I use this as an example not because I think the Devils should tear it down, trade Brodeur and Patrik Elias and the slow veteran defensemen who might help another contender. No, I use this to point out the fallacies associated with going all in for one last run at a title built around an aging player. Like you said, Brodeur will turn 41 in May, right in the middle of the Stanley Cup playoffs. I'm sure he would like to make another run or two at the Cup and it's possible they could do that if the cards sprung right and they ended up with the perfect path the Devils were handed last season. But a good, let alone great, GM has to look beyond this year, beyond Marty Brodeur. If Lou wants to sink everything he has into one last run with a flawed team, then that is his right and chances are he'll find a deal that represents a strong value for the franchise. But know this -- there is no guarantee of a title, not with this team. There is no one-player fix. Iginla, no matter how gritty and desperate for a ring he might be, will not fix all that ails this team. The only guarantee is that the Devils will pay for it down the line. No matter who they trade for, even if it's someone like Clowe (who will be a free agent after this season), will leave the Devils' already-shallow system in even worse shape for when Brodeur and Elias aren't there to be counted on. Peter Harrold? Mattias Tedenby? Those types of players aren't going to get you Perry, Getzlaf, Iginla or Clowe. If they can't crack the Devils' roster, what makes you think someone else will trade an All-Star for them? Kyle Quincey and Paul Gaustad went for first-round picks at last year's deadline. No one is trading anyone of significance for Tedenby or Harrold. No, you're looking at trading guys like Jon Merrill, Stefan Matteau and Boucher -- players that will be counted on to replace veterans currently on the roster. Part of the reason losing Parise hurt this team so much was the lack of any real internal replacement and trying to find one on the trade market may get you an extra playoff win or even an extra series win, but it will cost you immeasurably down the line.

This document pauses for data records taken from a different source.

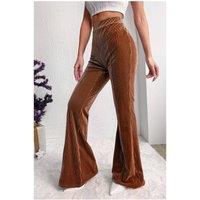 Everyday The Label Women's Chestnut Solid Color High Waist Flare Corduroy Pants in Brown | Size: 14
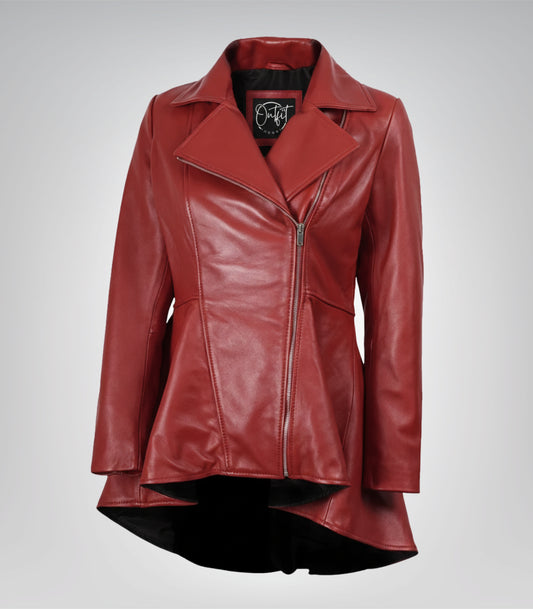 Women’s luxe red peplum leather jacket with diagonal zip closure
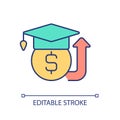 Rise of education costs RGB color icon Royalty Free Stock Photo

The Devils should sit tight, evaluate what values are available between now and the deadline and hope Brodeur can stay healthy down the stretch. If Kovy gets hot and Brodeur is healthy, who knows? Maybe the Devils sneak into the playoffs, get the right draw and make some noise. But you can't just blow up the future for one last shot at a ring with a goalie who already has three Cup titles to his name. This isn't some quest to get the franchise icon a ring before he rides off into the sunset. This is still a playoff team, but the best thing the Devils can do is be patient, wait to get healthy and understand that one player will not fix the flaws in this team.
Pat: I suppose we can agree that this team, as built, is capable of greatness. Now, New Jersey just needs to prove it on the ice.